Instructions to follow: Copy out exactly the lines from the one with "image for item" through the last line of the listing below, both included, but none of the pictures.

== Data extract

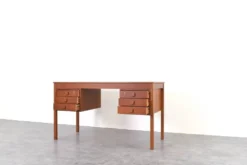 Bureau en teck danois des années 1960 de Domino Møbler.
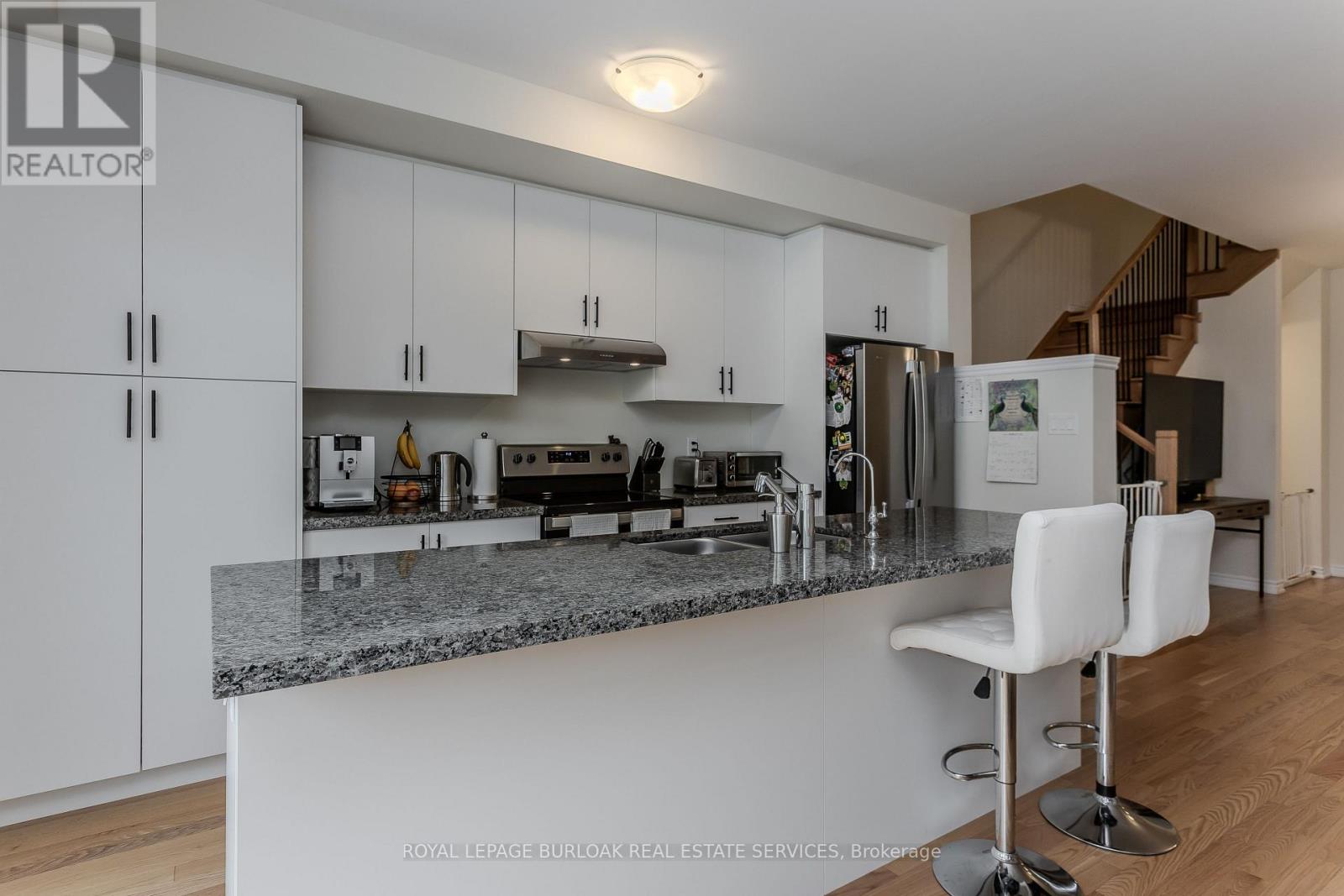 1360 Almonte Drive, Burlington, ON photo 13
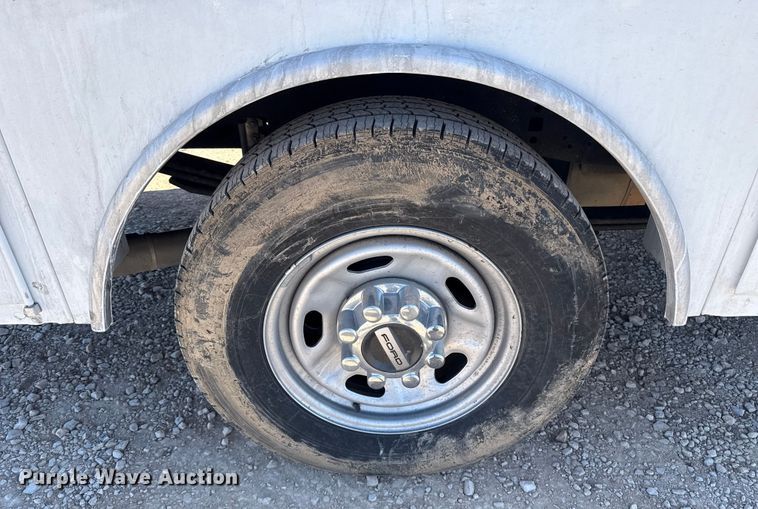 image for item ES5777 2022 Ford F250 Super Duty utility bed pickup truck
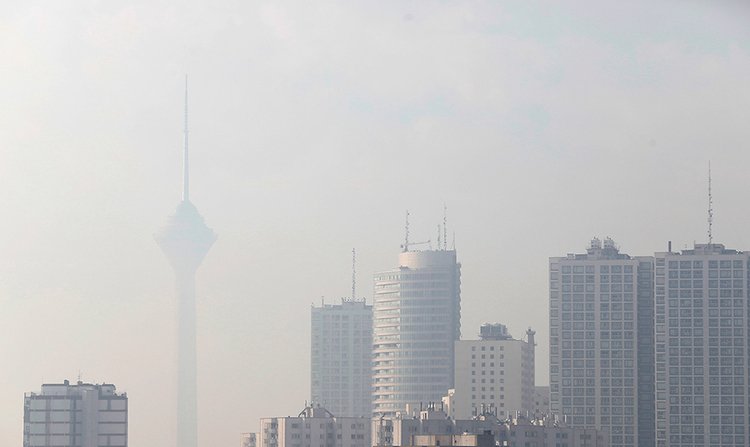 دولت رئیسی هیچ برنامه‌ای برای بازگرداندن هوای پاک به مردم ندارد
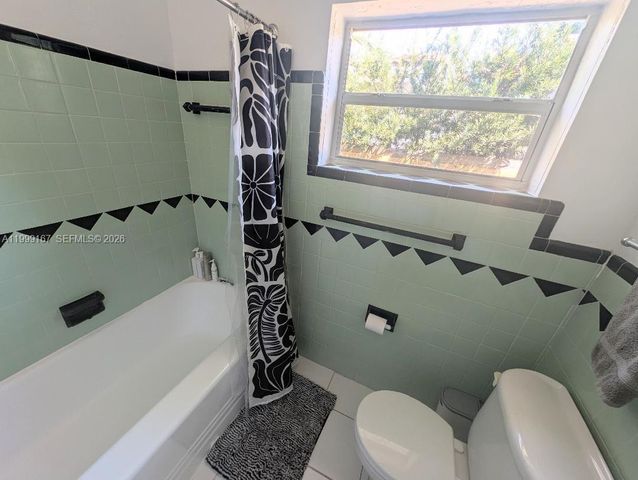 1004 N 16th Ave 1, Hollywood, FL 33020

====

Answer for this exercise:
 image for item ES5777 2022 Ford F250 Super Duty utility bed pickup truck
 دولت رئیسی هیچ برنامه‌ای برای بازگرداندن هوای پاک به مردم ندارد
 1004 N 16th Ave 1, Hollywood, FL 33020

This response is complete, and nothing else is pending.